A major feature of tensorflow-0.8 is that it can be deployed on distributed clusters. The content of this article is translated by the distributed deployment manual of Tensorflow, which links to the distributed deployment manual of TensorFlow.

Distributed TensorFlow

This article describes how to build a TensorFlow server cluster and deploy a computing graph on the distributed cluster. The following operations are based on your understanding of TensorFlow operations.
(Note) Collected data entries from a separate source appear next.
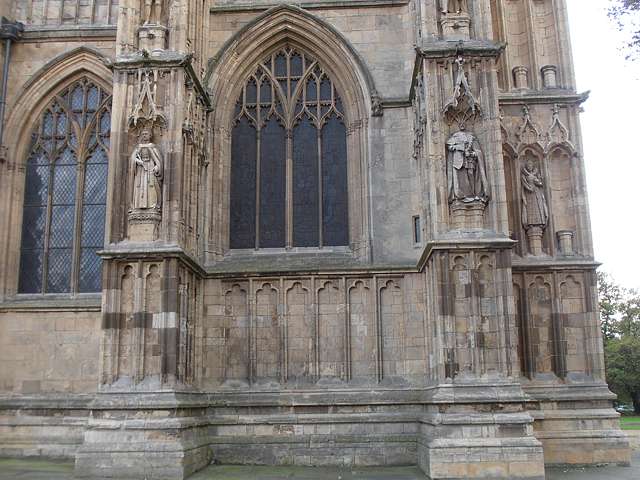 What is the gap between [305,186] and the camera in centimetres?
1686

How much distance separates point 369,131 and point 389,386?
580 cm

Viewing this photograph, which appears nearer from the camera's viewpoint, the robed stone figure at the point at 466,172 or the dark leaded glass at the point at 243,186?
the robed stone figure at the point at 466,172

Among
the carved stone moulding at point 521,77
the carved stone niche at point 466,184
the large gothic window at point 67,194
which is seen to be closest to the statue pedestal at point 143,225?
the large gothic window at point 67,194

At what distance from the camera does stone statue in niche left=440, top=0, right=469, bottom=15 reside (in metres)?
14.9

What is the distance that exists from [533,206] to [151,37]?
360 inches

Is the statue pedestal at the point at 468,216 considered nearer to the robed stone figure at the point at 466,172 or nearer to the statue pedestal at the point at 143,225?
the robed stone figure at the point at 466,172

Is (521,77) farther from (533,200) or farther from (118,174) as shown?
(118,174)

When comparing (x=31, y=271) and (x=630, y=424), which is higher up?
(x=31, y=271)

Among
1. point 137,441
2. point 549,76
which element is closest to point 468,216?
point 549,76

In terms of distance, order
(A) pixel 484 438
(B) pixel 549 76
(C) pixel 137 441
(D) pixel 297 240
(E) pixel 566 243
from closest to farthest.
A: (A) pixel 484 438 → (C) pixel 137 441 → (E) pixel 566 243 → (D) pixel 297 240 → (B) pixel 549 76

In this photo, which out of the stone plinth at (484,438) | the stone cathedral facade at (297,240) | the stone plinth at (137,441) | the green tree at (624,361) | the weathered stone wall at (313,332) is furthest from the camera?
the green tree at (624,361)

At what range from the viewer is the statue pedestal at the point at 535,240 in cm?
1595

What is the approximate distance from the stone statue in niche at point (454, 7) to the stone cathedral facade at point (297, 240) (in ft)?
0.15

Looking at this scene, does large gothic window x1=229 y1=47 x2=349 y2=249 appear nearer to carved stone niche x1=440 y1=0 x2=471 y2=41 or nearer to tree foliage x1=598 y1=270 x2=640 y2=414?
carved stone niche x1=440 y1=0 x2=471 y2=41
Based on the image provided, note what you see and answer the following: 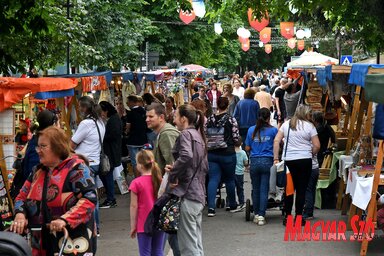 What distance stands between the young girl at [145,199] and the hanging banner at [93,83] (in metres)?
5.53

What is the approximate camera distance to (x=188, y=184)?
8375 mm

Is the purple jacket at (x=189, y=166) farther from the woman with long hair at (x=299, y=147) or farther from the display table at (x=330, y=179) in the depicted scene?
the display table at (x=330, y=179)

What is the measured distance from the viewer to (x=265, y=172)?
12.3 meters

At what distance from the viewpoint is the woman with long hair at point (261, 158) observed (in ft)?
40.1

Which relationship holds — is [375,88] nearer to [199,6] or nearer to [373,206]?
[373,206]

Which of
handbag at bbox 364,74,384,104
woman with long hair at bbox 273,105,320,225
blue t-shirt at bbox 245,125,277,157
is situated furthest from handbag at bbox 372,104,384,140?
blue t-shirt at bbox 245,125,277,157

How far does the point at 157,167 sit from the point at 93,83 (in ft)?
20.0

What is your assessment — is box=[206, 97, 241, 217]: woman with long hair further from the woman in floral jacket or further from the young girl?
the woman in floral jacket

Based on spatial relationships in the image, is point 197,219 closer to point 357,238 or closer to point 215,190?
point 357,238

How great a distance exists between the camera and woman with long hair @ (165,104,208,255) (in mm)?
8297

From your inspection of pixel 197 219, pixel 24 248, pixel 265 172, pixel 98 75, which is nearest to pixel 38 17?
pixel 98 75

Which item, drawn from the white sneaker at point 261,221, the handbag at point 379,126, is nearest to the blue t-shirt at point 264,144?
the white sneaker at point 261,221

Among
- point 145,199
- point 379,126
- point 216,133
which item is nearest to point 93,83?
point 216,133

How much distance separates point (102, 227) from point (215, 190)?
1.80 m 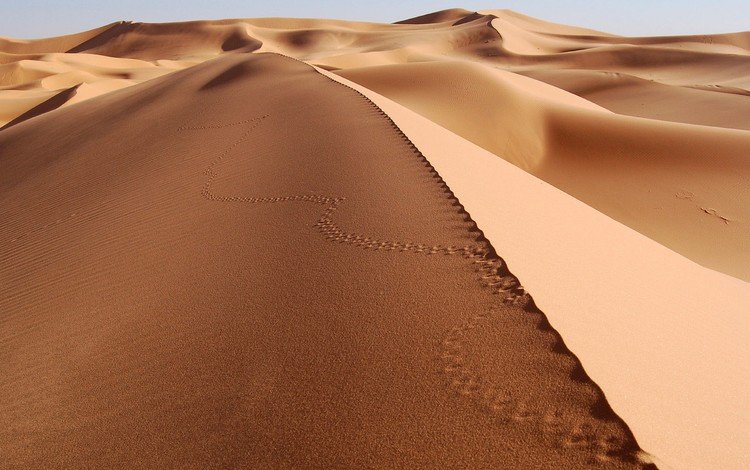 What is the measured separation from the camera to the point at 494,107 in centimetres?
1359

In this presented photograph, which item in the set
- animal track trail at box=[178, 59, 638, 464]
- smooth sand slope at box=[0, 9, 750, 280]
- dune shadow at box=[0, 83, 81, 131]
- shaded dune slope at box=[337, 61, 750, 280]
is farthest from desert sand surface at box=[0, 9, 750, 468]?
dune shadow at box=[0, 83, 81, 131]

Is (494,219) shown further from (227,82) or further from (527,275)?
(227,82)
Write a Hello world distributed instance

The following is an example of a simple TensorFlow distributed program.

# Start a TensorFlow server as a single-process "cluster".$ python>>> import tensorflow as tf>>> c = tf.constant("Hello, distributed TensorFlow!")>>> server = tf.train.Server.create_local_server()>>> sess = tf.Session(server.target)  # Create a session on the server.>>> sess.run(c)'Hello, distributed TensorFlow!'

Tf. train. Server. create_local_server () creates a single-process cluster locally, and services in the cluster are started by default.

Create a cluster)

A cluster in TensorFlow refers to a series of tasks that can perform distributed computing on the graph in TensorFlow ). Each task is associated with a service (server. TensorFlow contains a master node used to create a session and a worker node used for graph operations. In addition, a cluster in TensorFlow can be split into one or more jobs. Each job can contain one or more jobs. This is the author's understanding of the relationship in the cluster.

To create a cluster, you must start a service for each task. These tasks can run on different machines, but you can also start multiple tasks on the same machine (for example, running on multiple local GPUs ). Each task performs the following two steps:

  1. Createtf.train.ClusterSpecDescribes all tasks in the cluster. The description must be the same for all tasks.
  2. Createtf.train.ServerAnd settf.train.ClusterSpecInput parameters in the constructor, and write the job name and the number of the current job to the local job.
Create tf.train.ClusterSpecMethod

tf.train.ClusterSpecThe input parameters of are the ing between jobs and tasks. The tasks in the ing relationship are expressed by IP addresses and port numbers. The specific ing relationships are shown in the following table:

tf.train.ClusterSpecConstruction Available tasks
tf.train.ClusterSpec({"local": ["localhost:2222", "localhost:2223"]})
/job:local/task:0 local
/job:local/task:1
tf.train.ClusterSpec({    "worker": [        "worker0.example.com:2222",         "worker1.example.com:2222",        "worker2.example.com:2222"    ],    "ps": [        "ps0.example.com:2222",        "ps1.example.com:2222"    ]})
/job:worker/task:0
/job:worker/task:1
/job:worker/task:2
/job:ps/task:0
/job:ps/task:1
Create tf.train.ServerInstance

Every tf. train. the Server object contains a collection of local devices, a set of connections to other tasks, and a "session target" ("session target") that can use the above resources for distributed computing. Each service program is a member of a specified job and has its own independent task number in the job. Each service program can communicate with any other service program in the cluster.
The following two code snippets show how to configure different tasks on the local ports 2222 and 2223.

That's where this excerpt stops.